Tuesday, June 3, 2008

"Clinching"

Today Obama has "clinched" the appropriate amount of delegates to secure his nomination as the Democratic nominee. He will not be officially named until convention, but now he has clinched it. That feeling of security I wanted isn't quite coming to me today. It's been a strange whirlwind of emotions. Okay, Obama is in, now what? Now we go against an entire party, or should I say parties. We all know that Ralph Nader is going to put up a hell of a fight, HA! I guess this is where the big guns come out. I feel a little emotionally involved in Obama's campaign. When I read negative articles, and hear inappropriate comments, I feel offended. I feel like someone is harassing me. What is the worst, is that I feel like I can't do anything about it, because ultimately it is not me being affected. I just know that there are rough waters ahead. But I'm ready for them. It's unfortunate that I am not still at Chapman, I would love to have seen the students getting involved. oh well, woe is me, life as a graduate.

So now, I guess you could say I'm "clinching" my life. I have the power to make my decisions and to act on them. But I guess the importance of my actions and the determination of them will be decided later on. Very interesting to have something in the palm of your hand, but therein lies a point of instability as well. I find it very amusing that I can be totally serious and tell myself something and make a decision. And then moments later retract it. I need to learn to be a more loyal person to myself.

So this has definitely turned into a diary entry, which is not what I wanted it to be. I wanted to express my emotions of excitement for Obama's semi-victory (since Hill-dog won't concede, betttch). But it's a very mixed basket of emotion.
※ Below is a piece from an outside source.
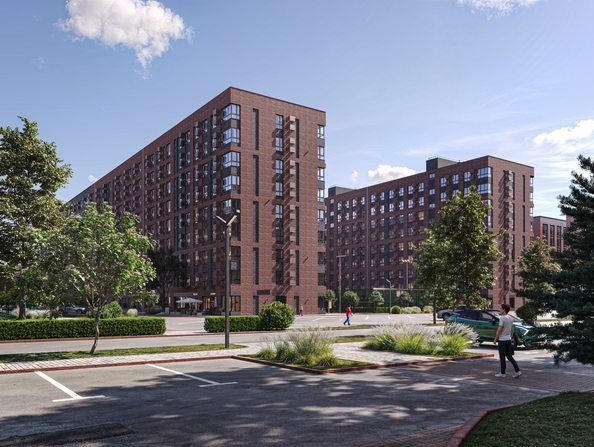 
  Продается 1-комн. квартира 43.77 м², в ЖК Зеленая территория, литера 1.3. Фото 25.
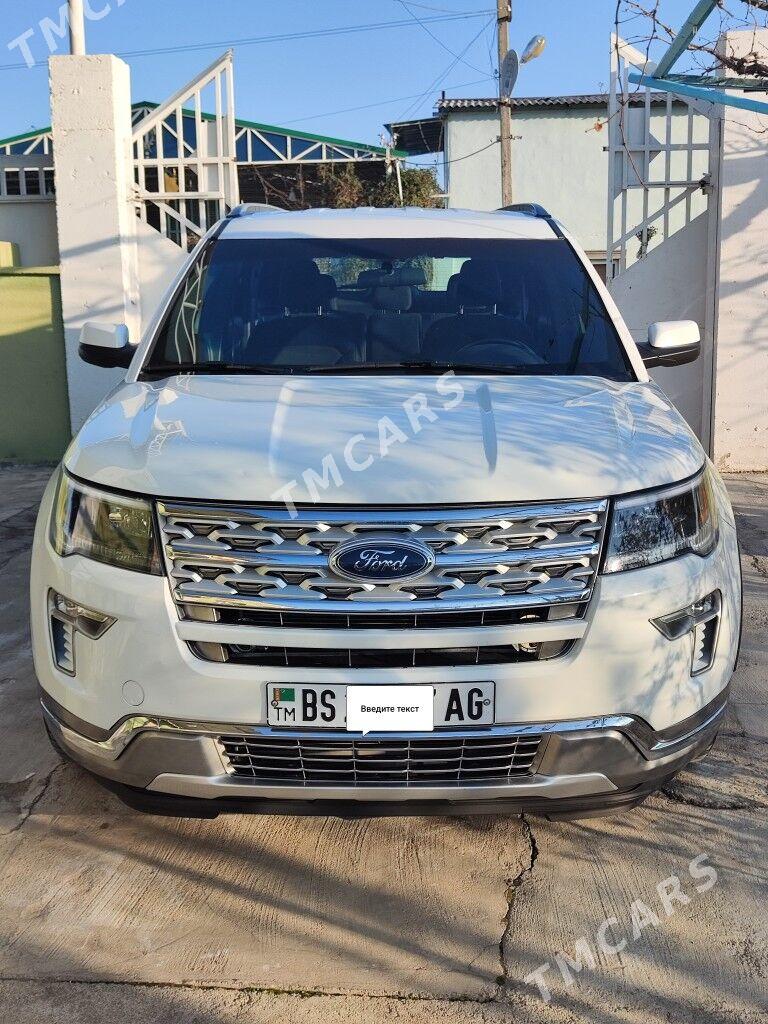 Ford Explorer 2018 - 355 000 TMT - Ашхабад - img 4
There's a long journey ahead still, but I can't even begin to believe how I've done something to play part in this small slice of history. I really can't wait to tell my children one day that I helped make it possible. That I helped register new voters in Philadelphia, knocked on doors before the California primary, got people to vote at Chapman. It's silly, but I want to make sure I keep all my t-shirts for my kids. Look at me, thinking so far ahead. and about children. I must be drunk right now. No, I'm not really.